MATERIAL PROVIDED below:
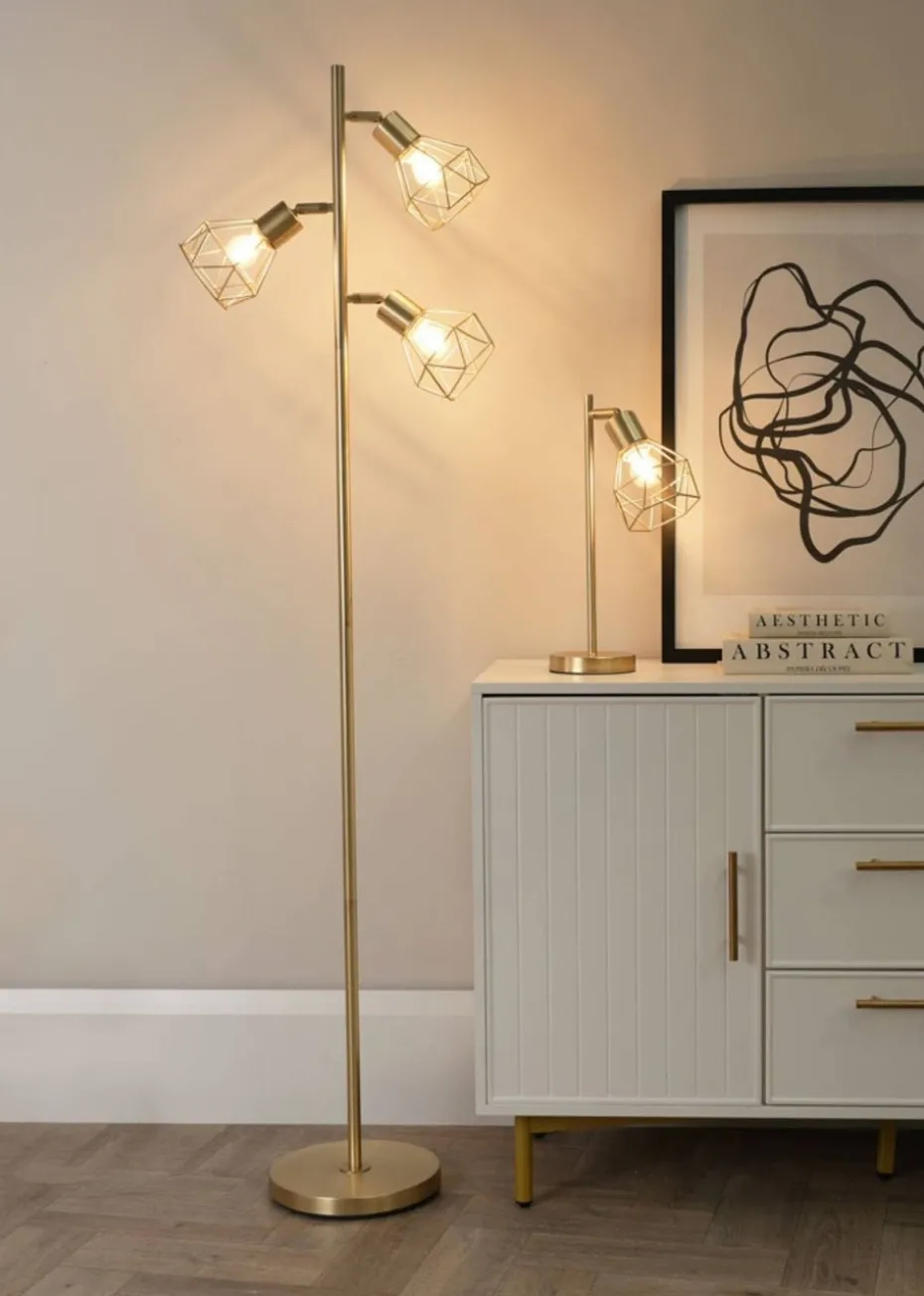 ValueLights Angus Brushed Floor Lamp with Gold Shade (162cm x 25cm x 25cm)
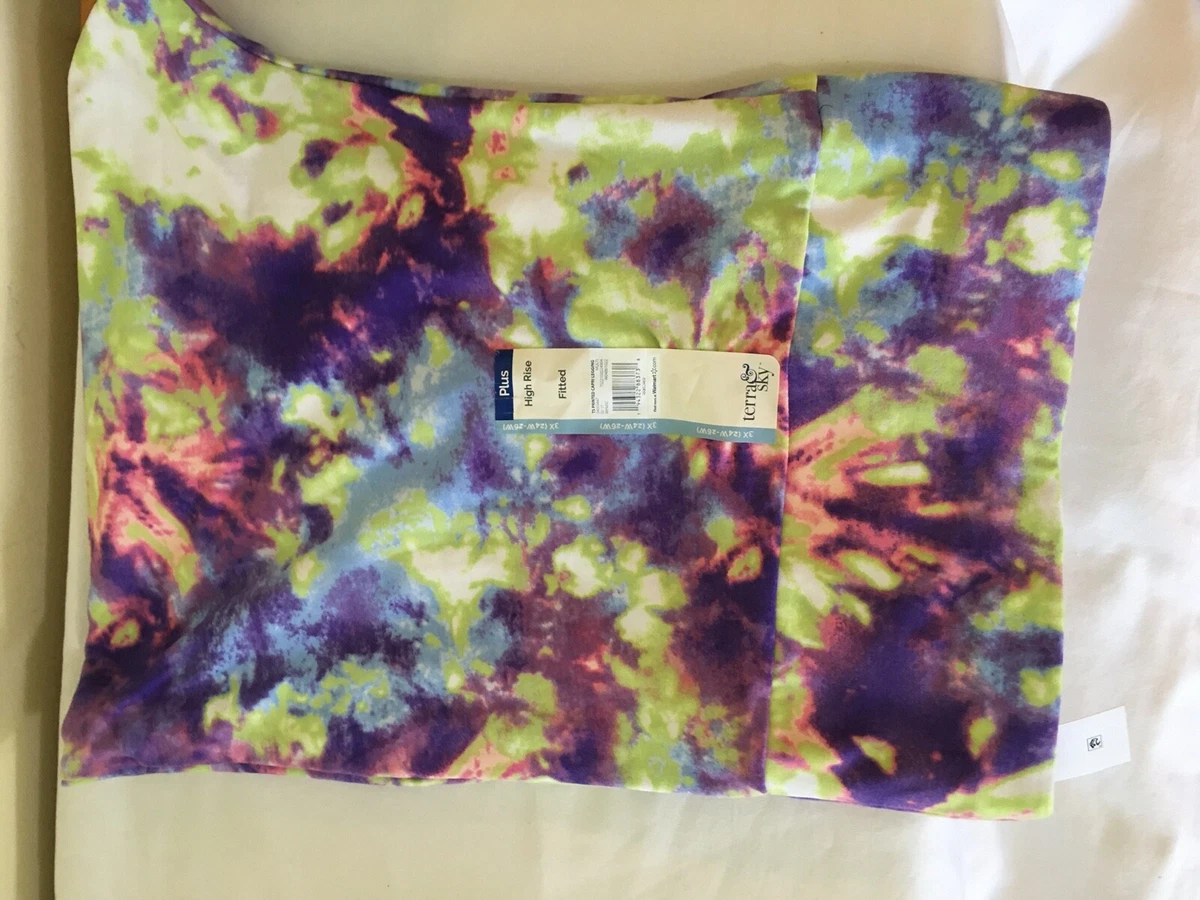 New Terra & Sky Women Plus Tie Dye Capri Leggings Super soft many sizes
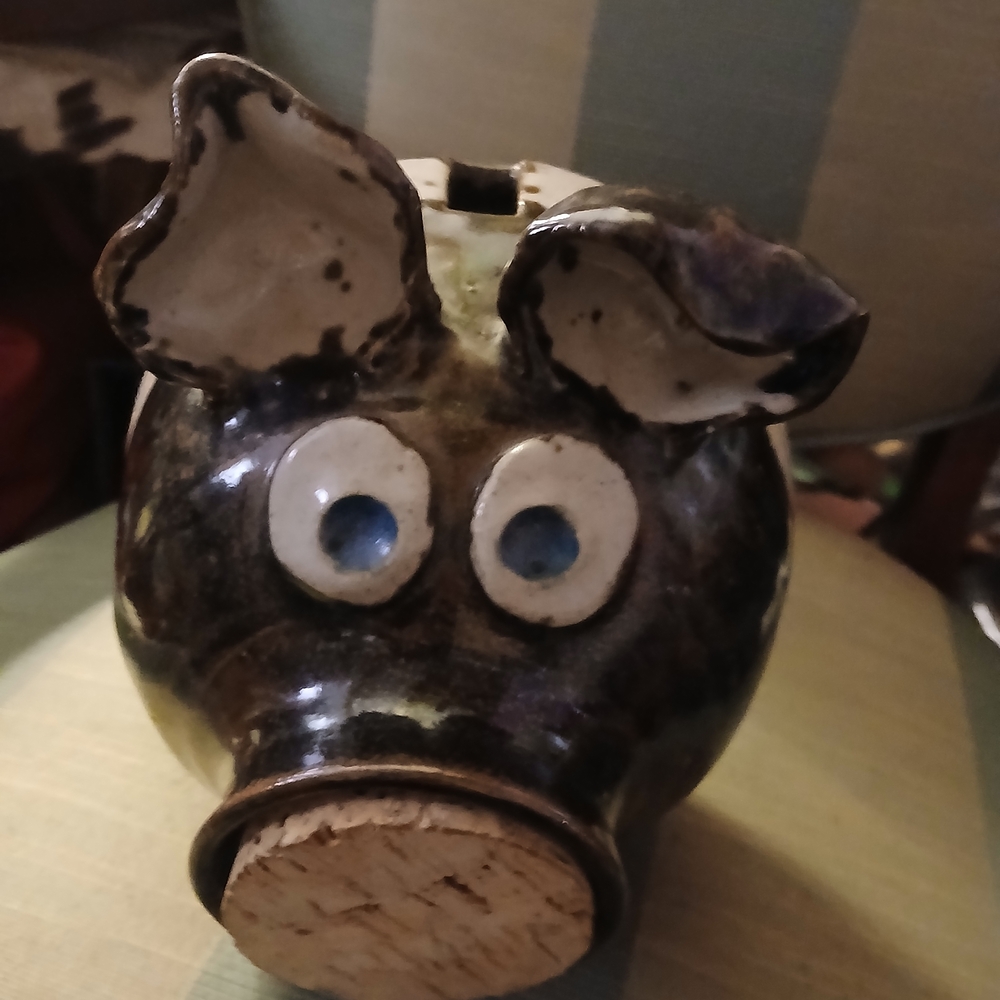 Handcrafted POTTERY Piggy Bank - BROWN and CREME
End of MATERIAL PROVIDED.
TASK STATEMENT: The material above must be reproduced line for line, with the images omitted.

SOLUTION TO THIS EXERCISE:
 ValueLights Angus Brushed Floor Lamp with Gold Shade (162cm x 25cm x 25cm)
 New Terra & Sky Women Plus Tie Dye Capri Leggings Super soft many sizes
 Handcrafted POTTERY Piggy Bank - BROWN and CREME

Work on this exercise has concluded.